## DIRECTIONS FOR THIS TASK
Exactly as they appear below, repeat the lines from the one with "The Malibu Beach" through the one with "1C4RJHBG9SC277437 2025 JEEP". Drop every picture.

** Opening WORKING DATA block **

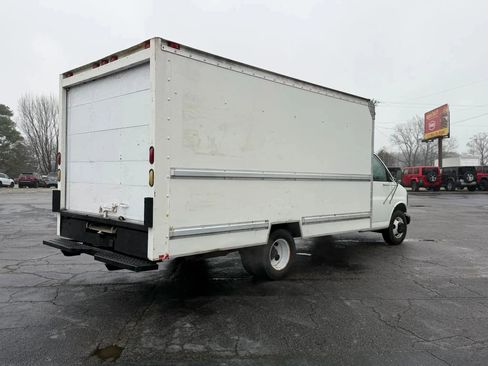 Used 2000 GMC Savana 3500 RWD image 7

** Closing WORKING DATA block **
** Opening WORKING DATA block **

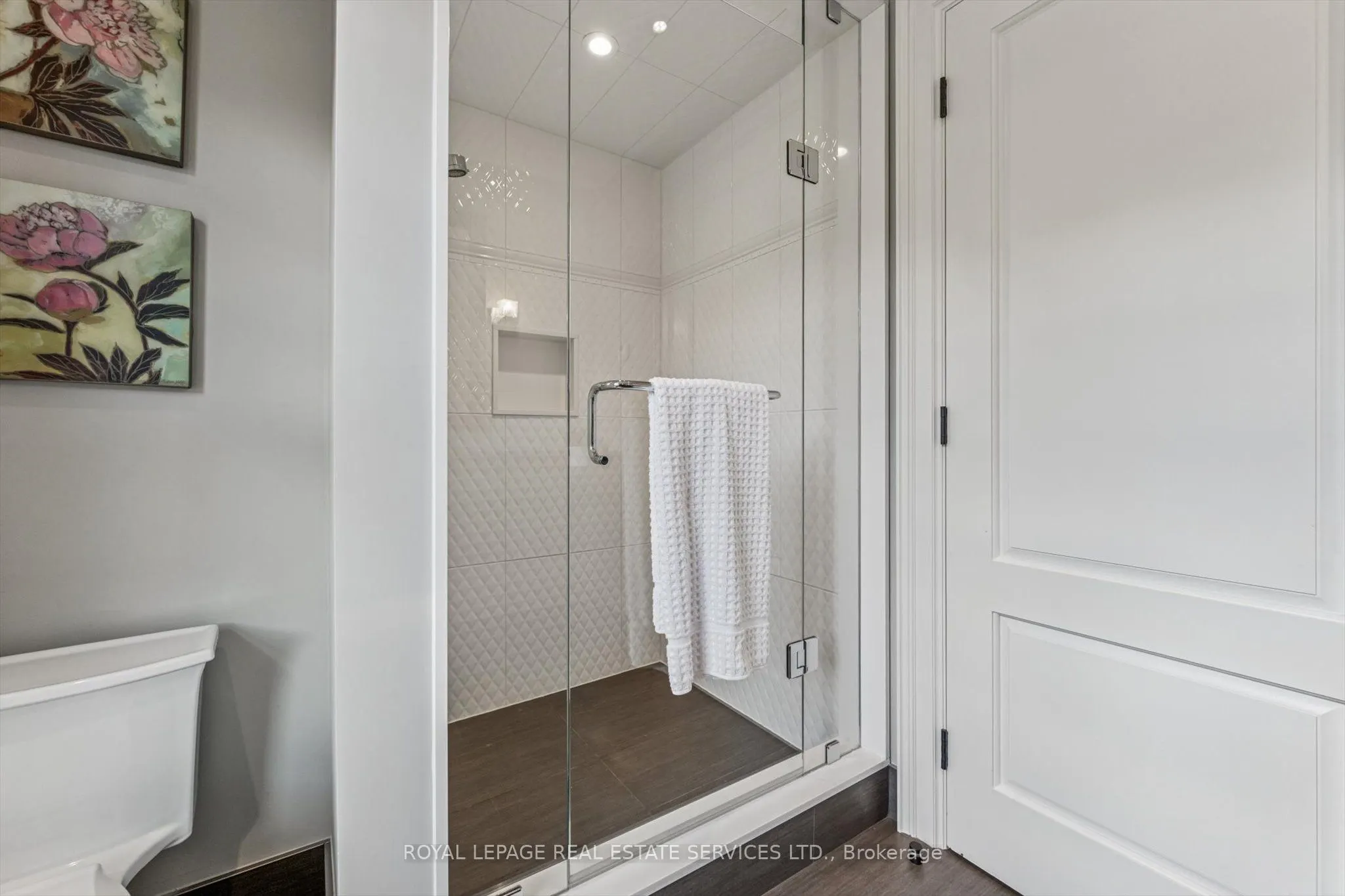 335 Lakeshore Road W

** Closing WORKING DATA block **
** Opening WORKING DATA block **

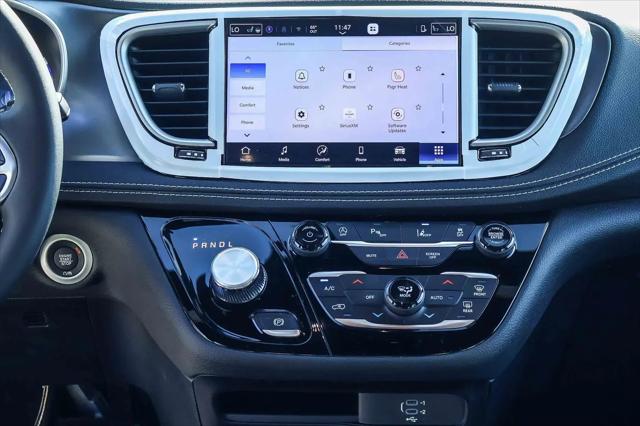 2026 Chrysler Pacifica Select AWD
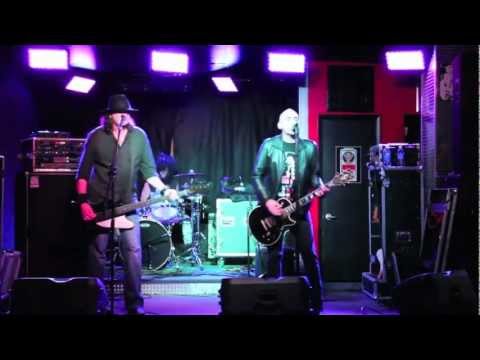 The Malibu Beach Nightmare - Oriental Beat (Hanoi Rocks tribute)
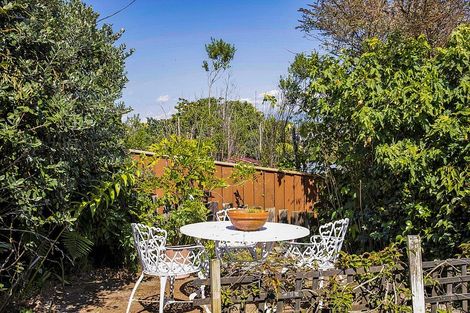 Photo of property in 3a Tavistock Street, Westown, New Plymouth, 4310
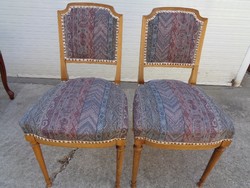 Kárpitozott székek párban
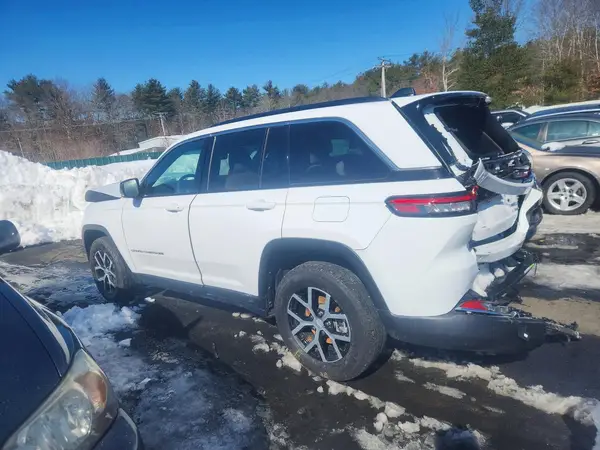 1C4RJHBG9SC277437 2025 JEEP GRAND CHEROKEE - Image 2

** Closing WORKING DATA block **

## PROBLEM SOLUTION
 The Malibu Beach Nightmare - Oriental Beat (Hanoi Rocks tribute)
 Photo of property in 3a Tavistock Street, Westown, New Plymouth, 4310
 Kárpitozott székek párban
 1C4RJHBG9SC277437 2025 JEEP GRAND CHEROKEE - Image 2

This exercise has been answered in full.